# What the task requires:
The listing, minus its pictures, is to be given again exactly.

# Dataset section:

┏━━

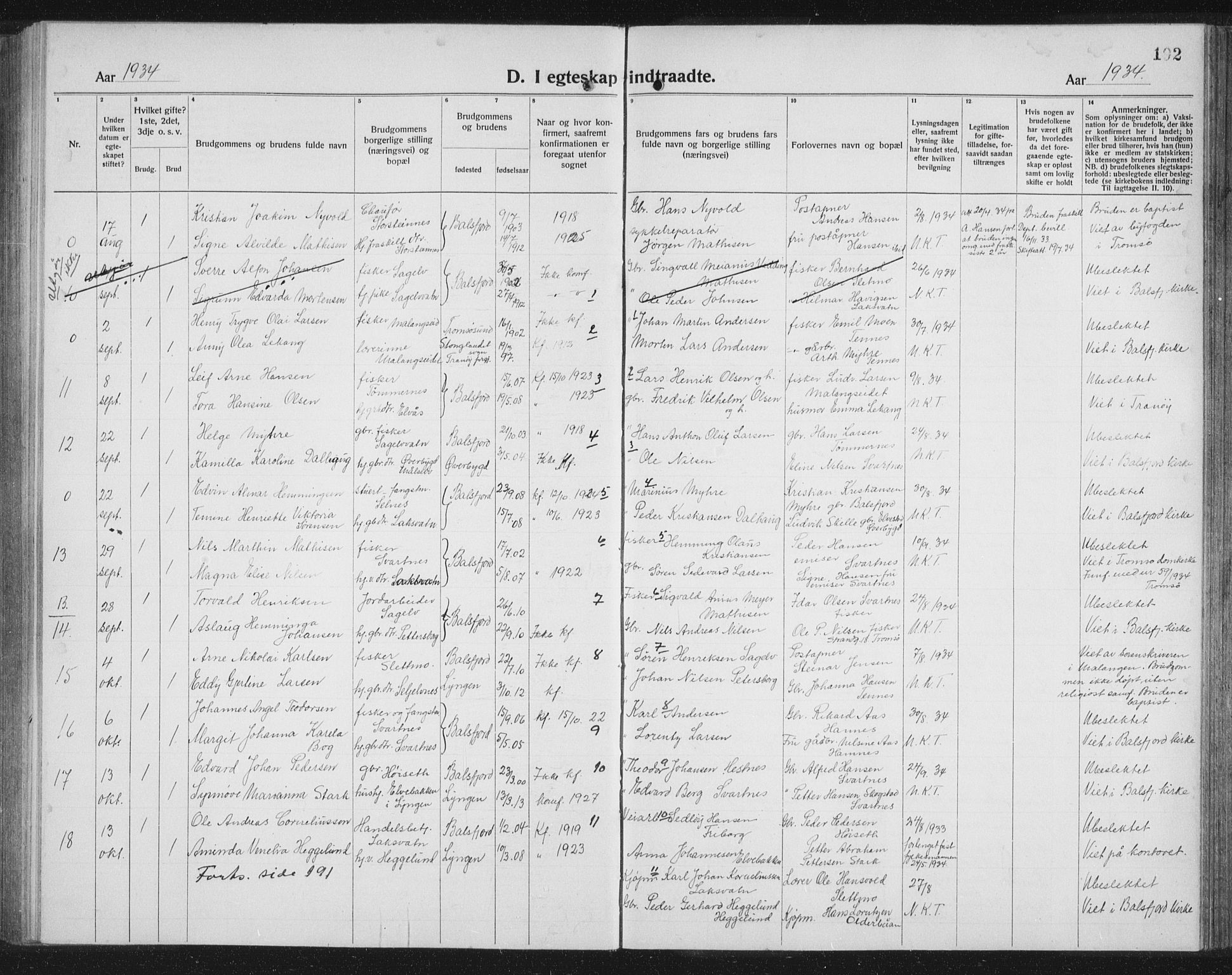 Balsfjord sokneprestembete, AV/SATØ-S-1303/G/Ga/L0010klokker: Klokkerbok nr. 10, 1921-1936, s. 192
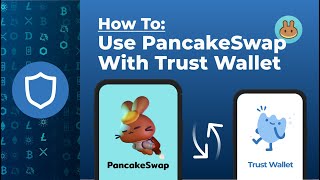 Swapping in PancakeSwap with Trust Wallet TUTORIAL [upl. by Doomham326]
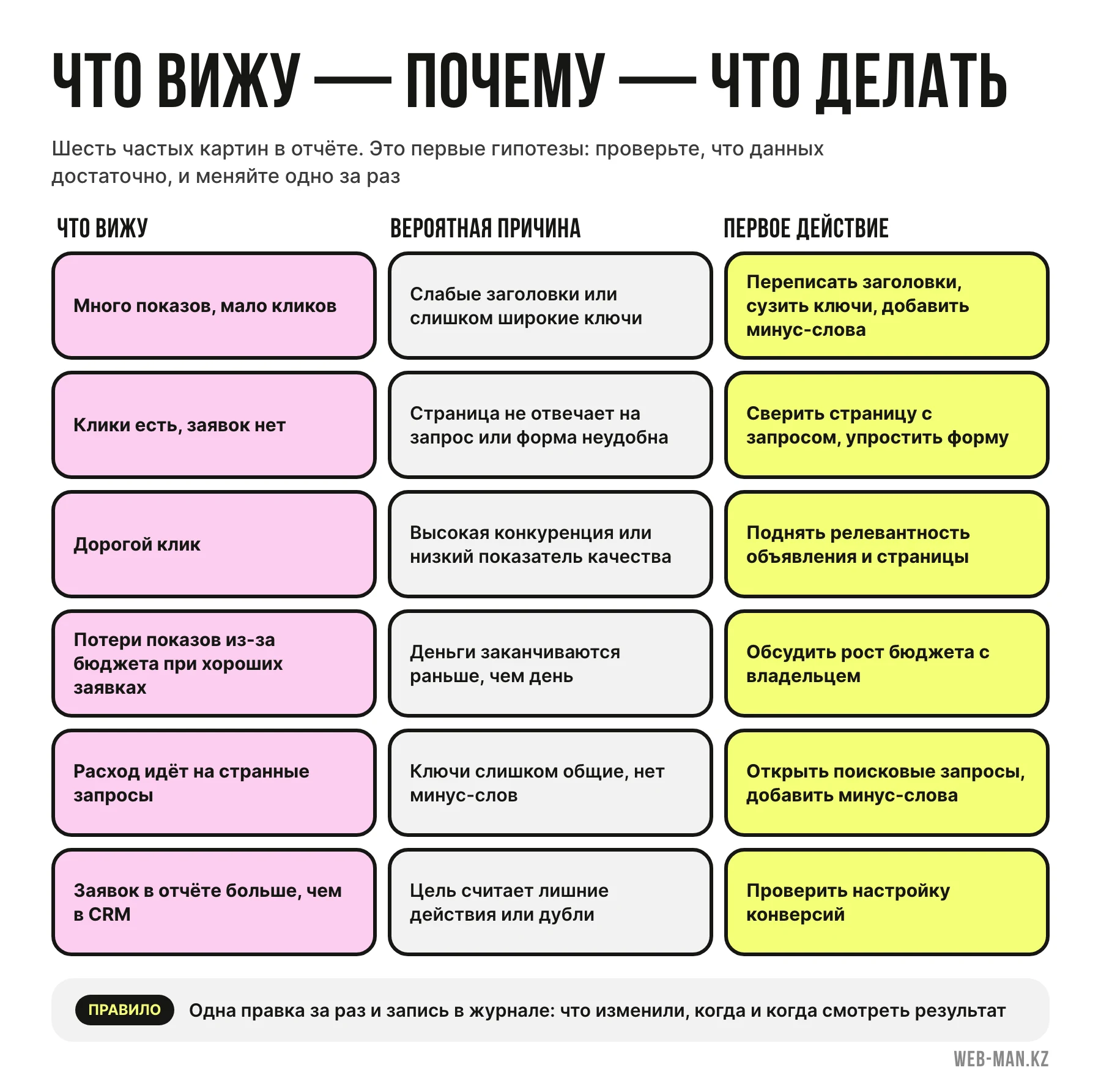 Что делать по показателям Google Ads: симптом в отчёте, вероятная причина и первое действие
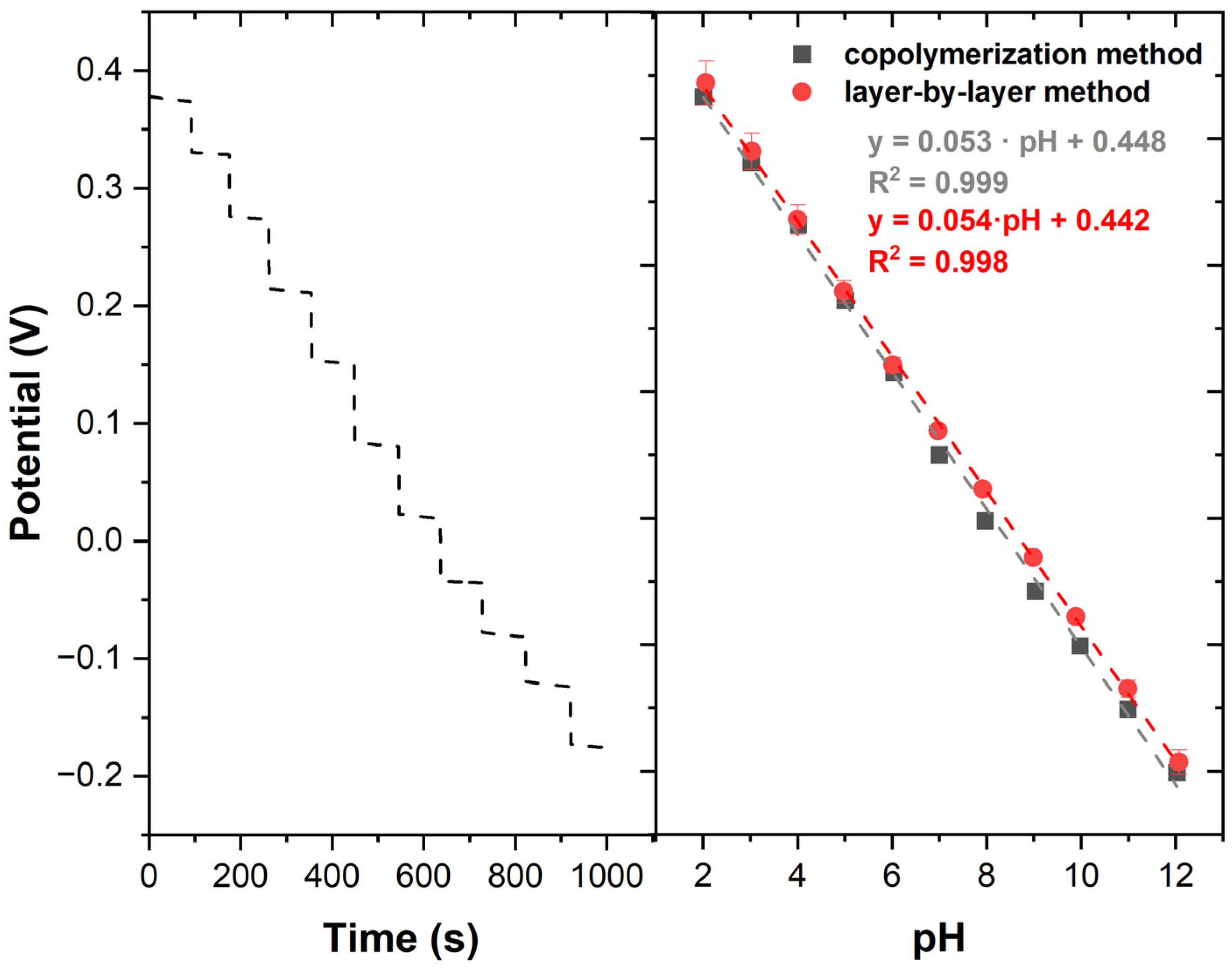 Chemosensors 13 00063 g003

┗━━

# Completed task:
 Balsfjord sokneprestembete, AV/SATØ-S-1303/G/Ga/L0010klokker: Klokkerbok nr. 10, 1921-1936, s. 192
 Swapping in PancakeSwap with Trust Wallet TUTORIAL [upl. by Doomham326]
 Что делать по показателям Google Ads: симптом в отчёте, вероятная причина и первое действие
 Chemosensors 13 00063 g003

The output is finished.